──────── Input for this task
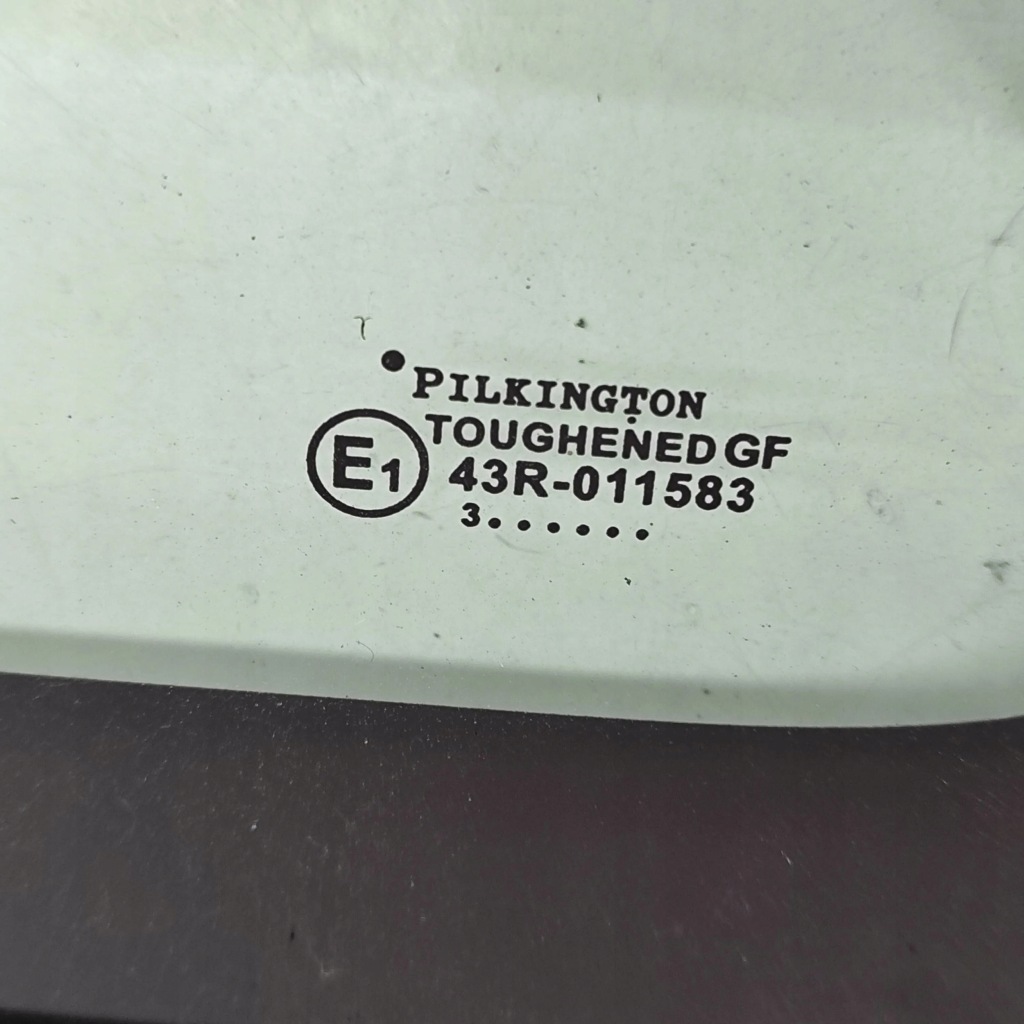 фото №6, Toyota corolla e210 e21 2023 левая сторона стекло кузовная задняя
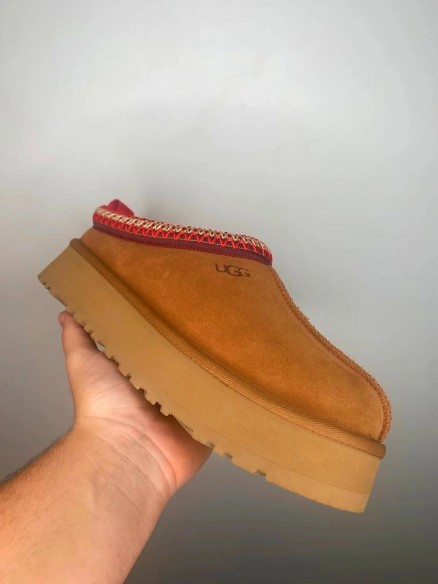 Ugg Tazz chestnut taille 40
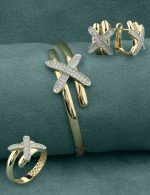 Серьги из лимонного золота c бриллиантами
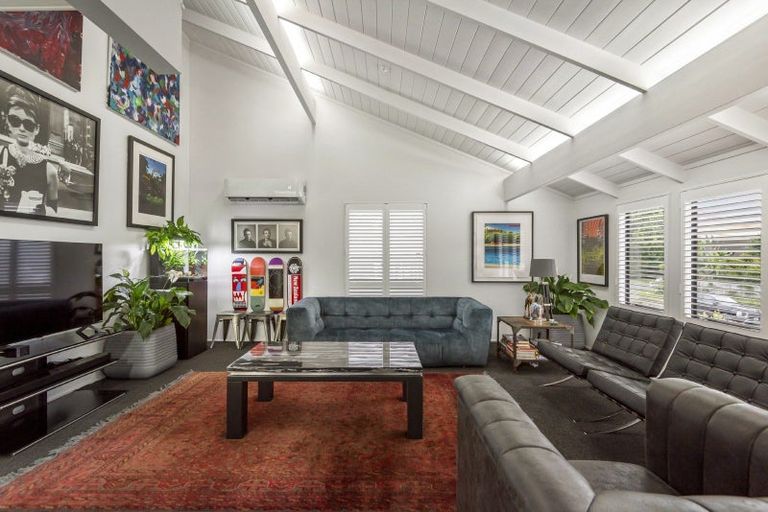 Photo of property in 3 Sandiacre Way, Browns Bay, Auckland, 0630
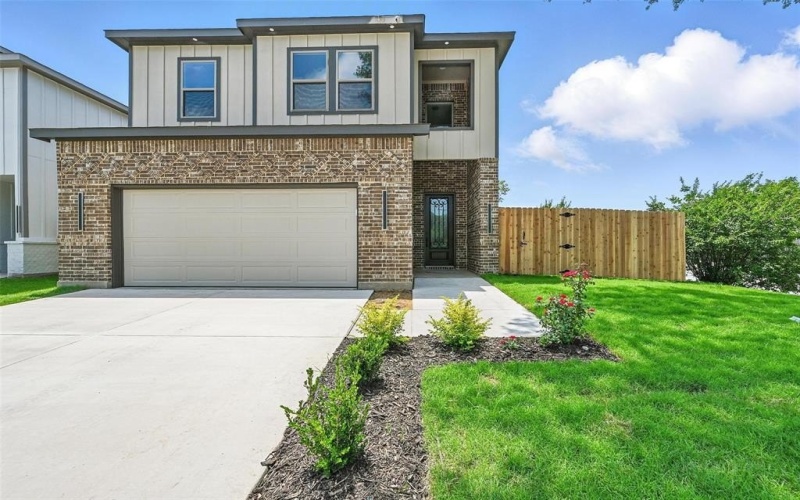1901 Varsity Drive, Grand Prairie, TX 75051, 4 Bedrooms Bedrooms, ,3 BathroomsBathrooms,Residential,For Sale,1901 Varsity Drive,20962471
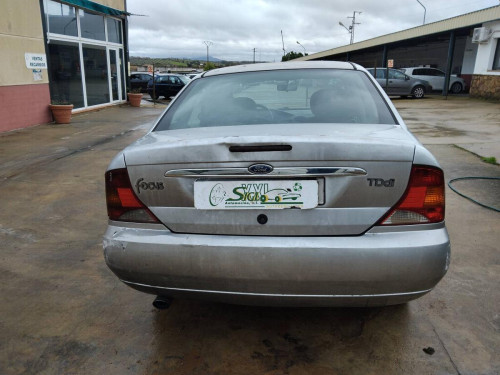 Ford Focus Berlina (CAK)(1998->) — vehículo donante para recambios 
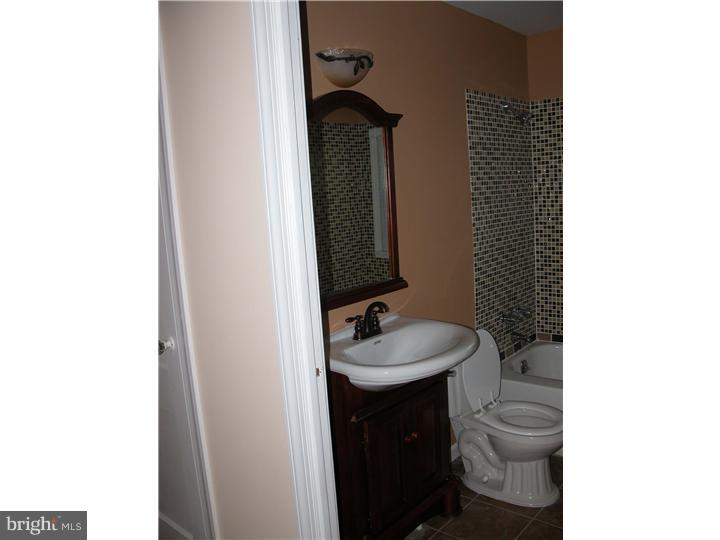 285 Cardiff Road Fairless Hills, PA 19030 - Photo 14 of 15 Bathroom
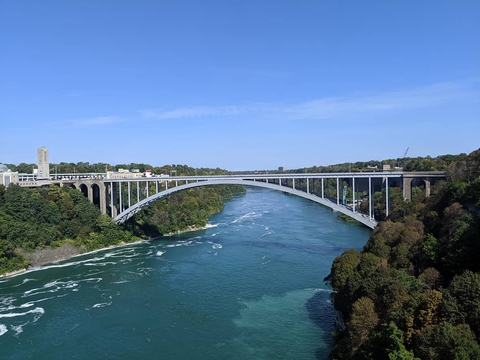 rainbow bridge to Canada from USA across Niagara river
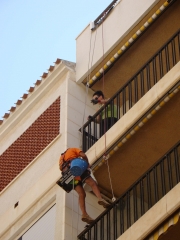 Trabajo verticales para reparacion de fachadas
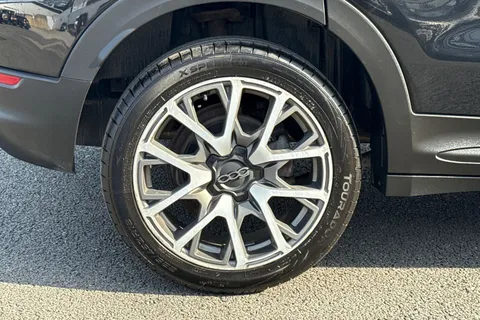 WM16EYD FIAT 500X 1.6 MultiJetII Cross Plus Euro 6 (s/s) 5dr Thumbnail #11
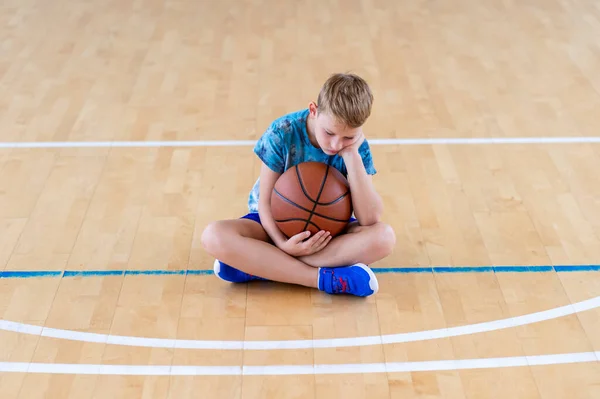 Trauriger Enttäuschter Junge Der Einer Sportstunde Auf Einem Basketballball Sitzt — Stockfoto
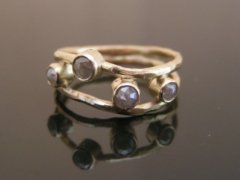 Unika ring i 18 karat guld med rosenslebne diamanter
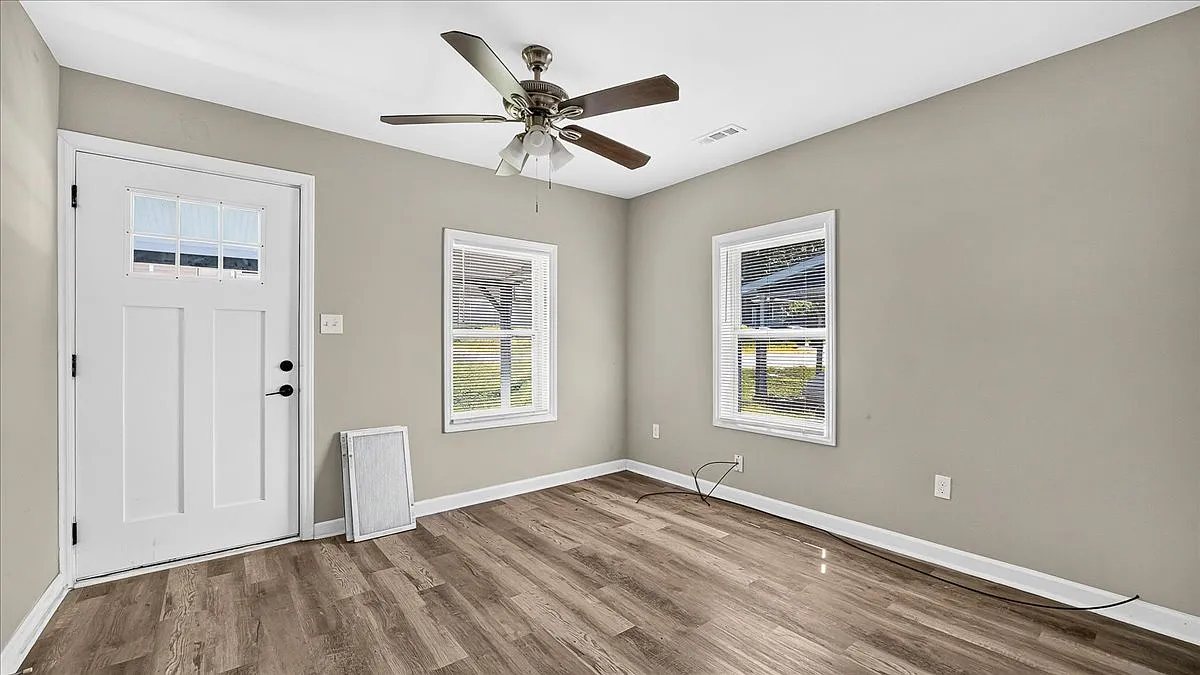 3 bed, 900 sqft, $1,225 — Photo 2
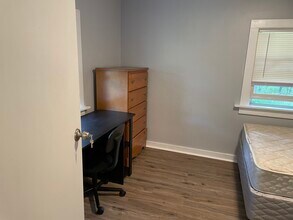 159 Kendall Ave in Ithaca, NY - Foto de edificio - Building Photo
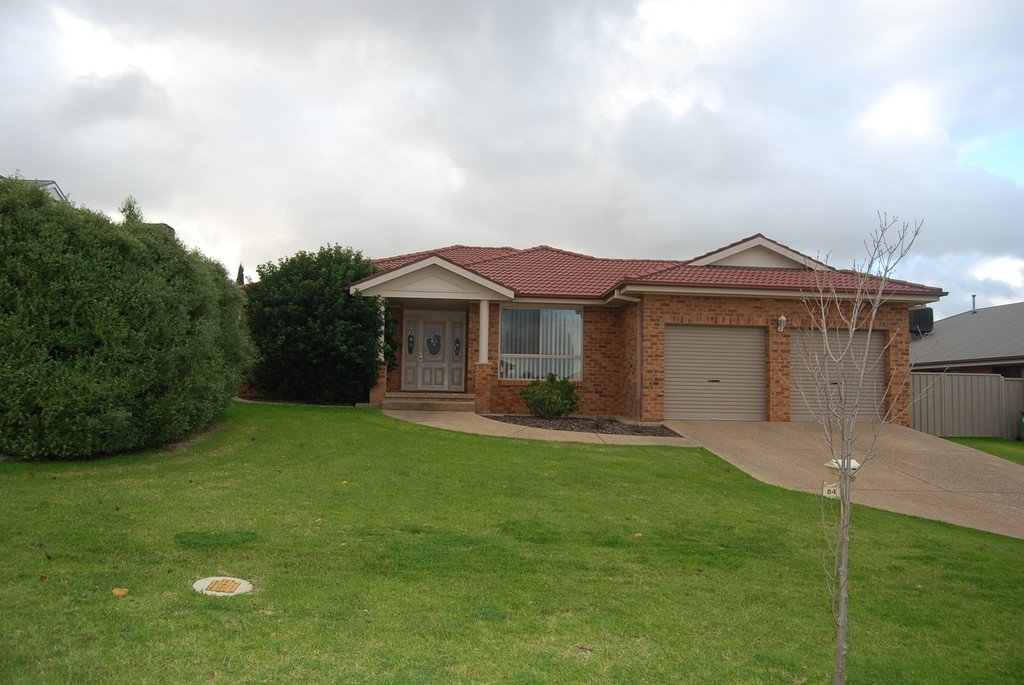 84 Atherton Crescent TATTON 1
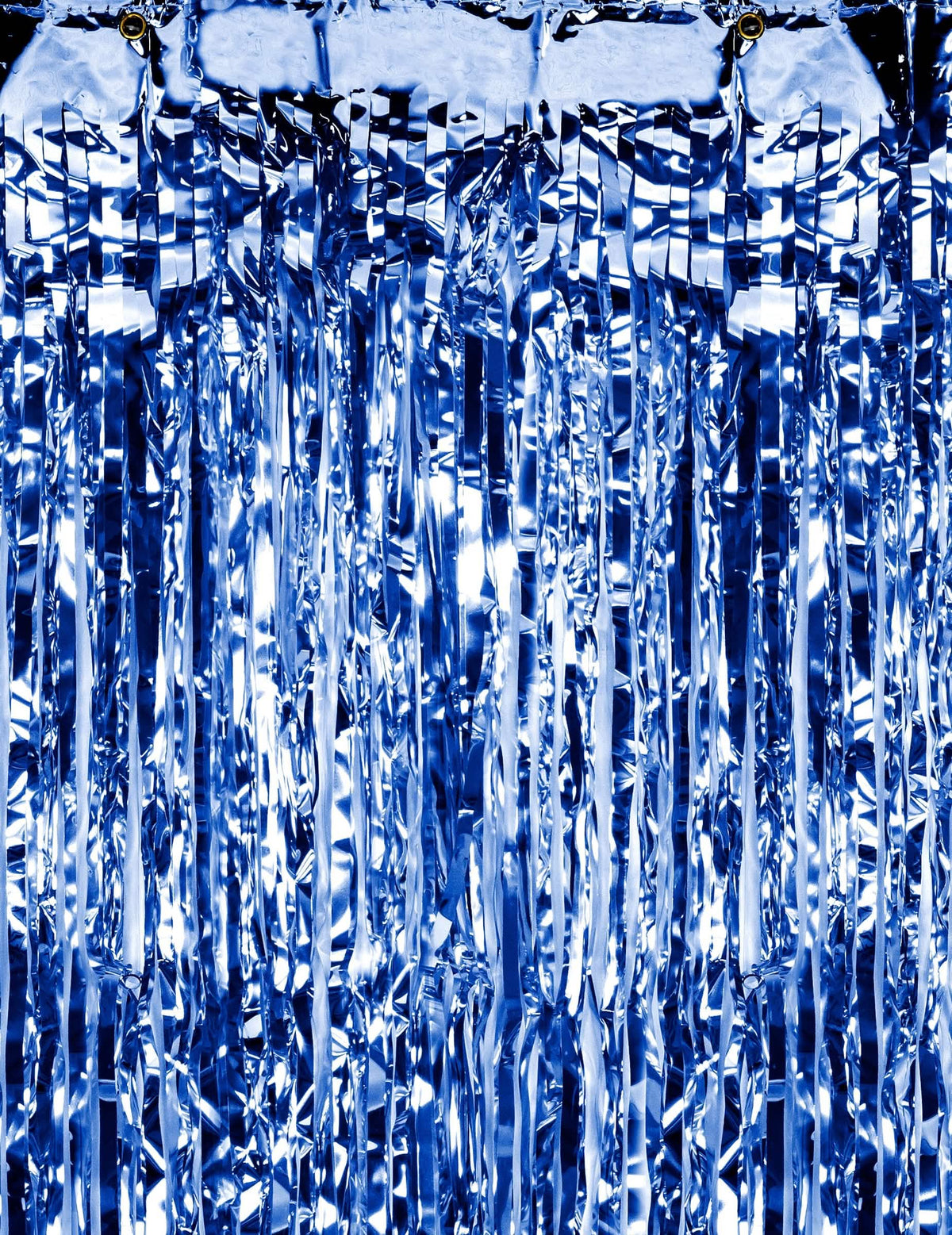Detalhe das franjas cintilantes da cortina de fios metalizados para festa azul noite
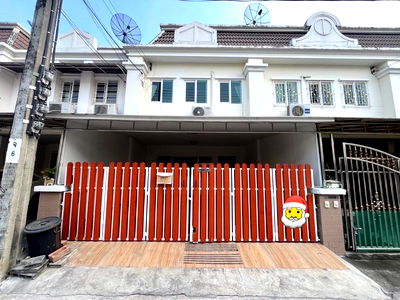 ทาวน์โฮมให้เช่า : 🏡✨ บ้านเช่านวลจันทร์ “The Exclusive Townhome นวลจันทร์” 3 ห้องนอน 2 ห้องน้ำ ทำเลดี เดินทางสะดวก เข้าออกได้หลายทาง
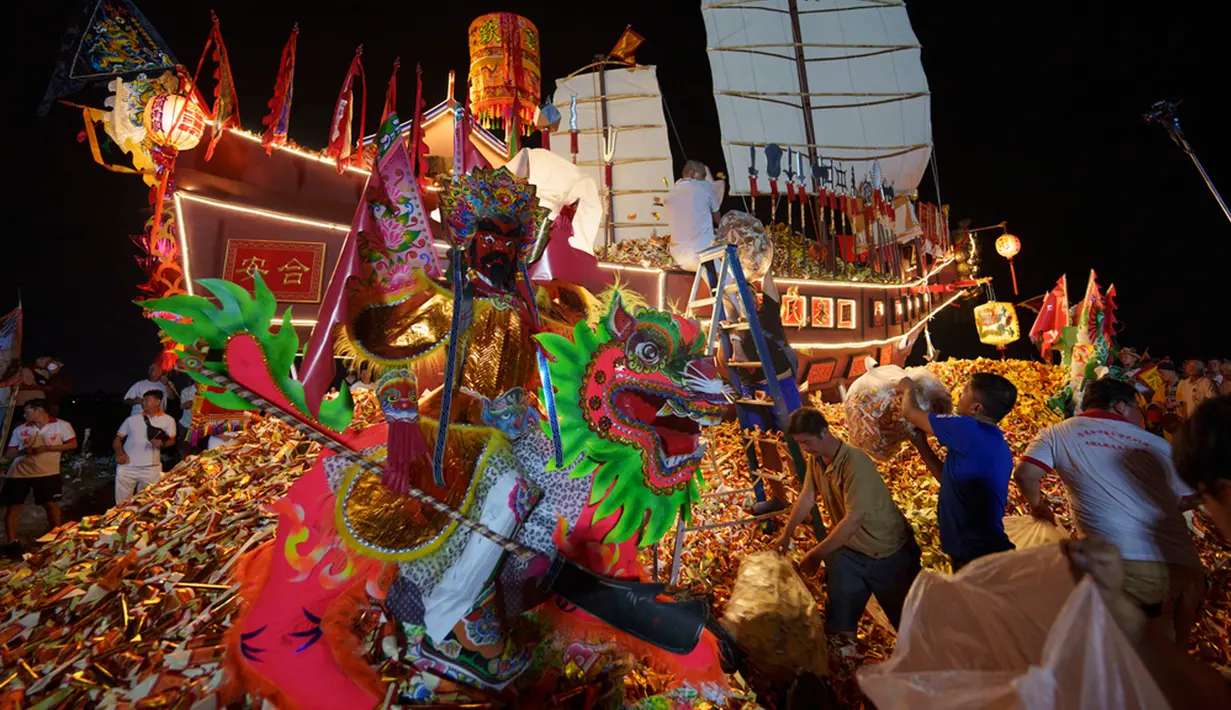 Malaysia dan Tiongkok bersama-sama memperoleh pengakuan UNESCO atas Festival Wangkang sebagai Warisan Budaya Takbenda pada tahun 2020. Menurut UNESCO, upacara dan praktik terkait berakar pada adat istiadat masyarakat yang memuja Ong Yah, dewa yang diyakini melindungi manusia dan tanah mereka dari bencana. (AP Photo/Vincent Thian)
────────────────
Copy out exactly the lines between the line containing "ทาวน์โฮมให้เช่า : 🏡✨" and the end of the entries, including both, and leave the pictures behind.

Solved exercise:
 ทาวน์โฮมให้เช่า : 🏡✨ บ้านเช่านวลจันทร์ “The Exclusive Townhome นวลจันทร์” 3 ห้องนอน 2 ห้องน้ำ ทำเลดี เดินทางสะดวก เข้าออกได้หลายทาง
 Malaysia dan Tiongkok bersama-sama memperoleh pengakuan UNESCO atas Festival Wangkang sebagai Warisan Budaya Takbenda pada tahun 2020. Menurut UNESCO, upacara dan praktik terkait berakar pada adat istiadat masyarakat yang memuja Ong Yah, dewa yang diyakini melindungi manusia dan tanah mereka dari bencana. (AP Photo/Vincent Thian)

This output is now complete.